Tile drainage contractors have also asked AAFC for guidelines and standards for the installation of CD systems, and Jamieson hopes these studies can provide a foundation for that.
“The contractor is the first point of contact for producers regarding drainage on their farm and if we don’t resolve the contractors concerns with CD, then the adoption of CD will remain slow,” he explains.
One concern stems from the fact that CD systems are known to be more effective with newer tile drainage systems as they feature more pipes in the ground. More pipes with less space between them means a more uniform water table in the field can be achieved with the new drainage systems.

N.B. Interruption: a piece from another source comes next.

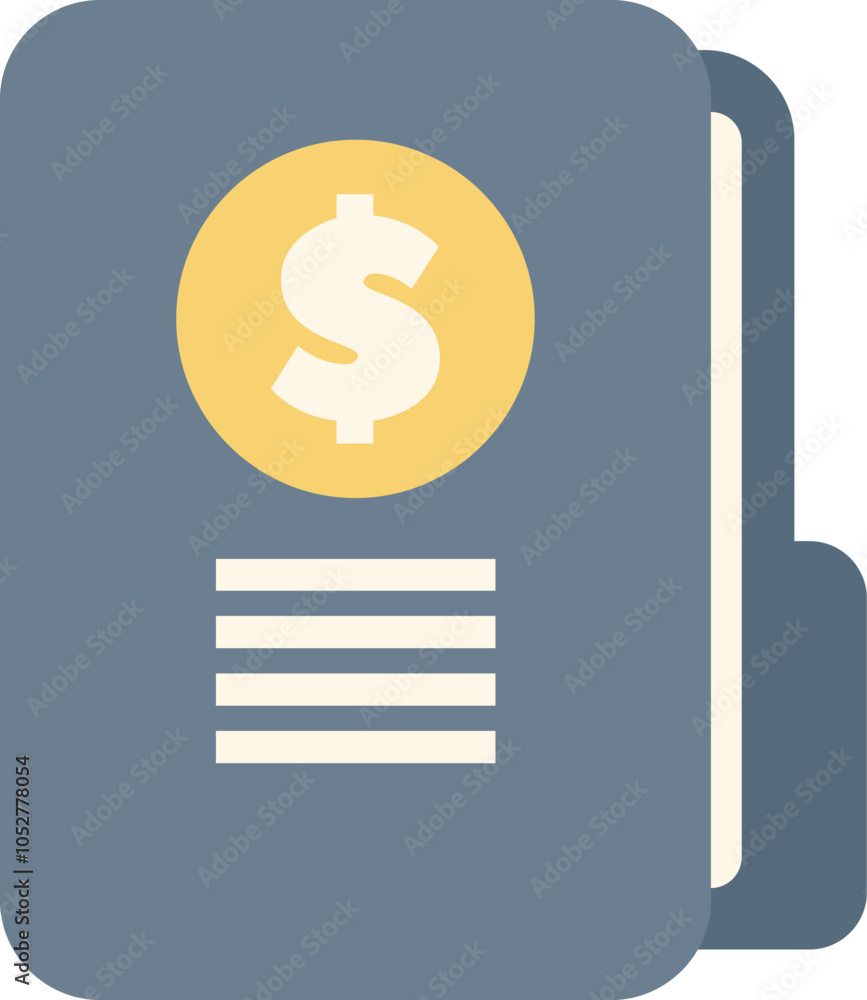 Poster folder representing financial data with dollar symbol icon for business and finance concepts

The study is taking place in organic soil as it has been identified by researchers as having good potential for CD. The controlled drains were installed during the fall of 2014 at two sites in the Holland Marsh. The first site is 0.62 hectares under organic carrot production. The second site is just more than four hectares being used for organic celery and onion production. A third site with conventional tile drains (organic onion production) will serve as the study control.
“The fields have been instrumented to sample tile runoff and measure tile flow all year round,” Jamieson says. “We’re using two different methods for that – in case one fails, and also to get a sense of which method costs less. During the growing season, the fields will also be equipped with water table and soil moisture monitoring. We should be able to get a good sense of how CD can be used to maintain a fairly constant water table depth.”
Jamieson notes that while some of the results will not be applicable to non-organic production, others definitely will. On the one hand, results on things like nutrient loading impact or ability of the system to maintain a consistent water table will be difficult to directly translate because organic (muck) soil is inherently different.
“However, there will be takeaways about the challenge of managing a CD system with a traditional irrigation system, which are applicable to many horticultural production systems.”
Study of controlled drains has been going on for more than two decades at the AAFC research station in Harrow, and has included an evaluation of the annual impact of CD on nutrient loading from tile and surface runoff on a plot scale, but Jamieson notes that CD research in Canada has generally had an overall focus on its function and effects only during the growing season. A look at the entire year is more valuable as it provides the entire picture, and that’s why Jamieson and his colleagues are taking on the challenge of monitoring over the winter months, attempting to study the annual impacts of CD on a field scale.
“Some recent research results out of Ohio where CD was used in fields after harvest until the spring time show a 40 to 70 per cent reduction in dissolved phosphorus loads,” Jamieson says. “We are looking forward to seeing what conclusions we can draw from our year-round study.”
The next step after this study is complete, says Jamieson, would be to examine the potential of CD and/or sub-irrigation (SI) on additional horticultural crops.
“As well, we should examine the benefits of retrofitting an existing tile system to CD or installing a new CD system for the purposes of reducing the need for irrigation,” he explains. “This would involve a cost-benefit analysis along with examining the differences in time management between CD and/or SI and traditional irrigation methods.”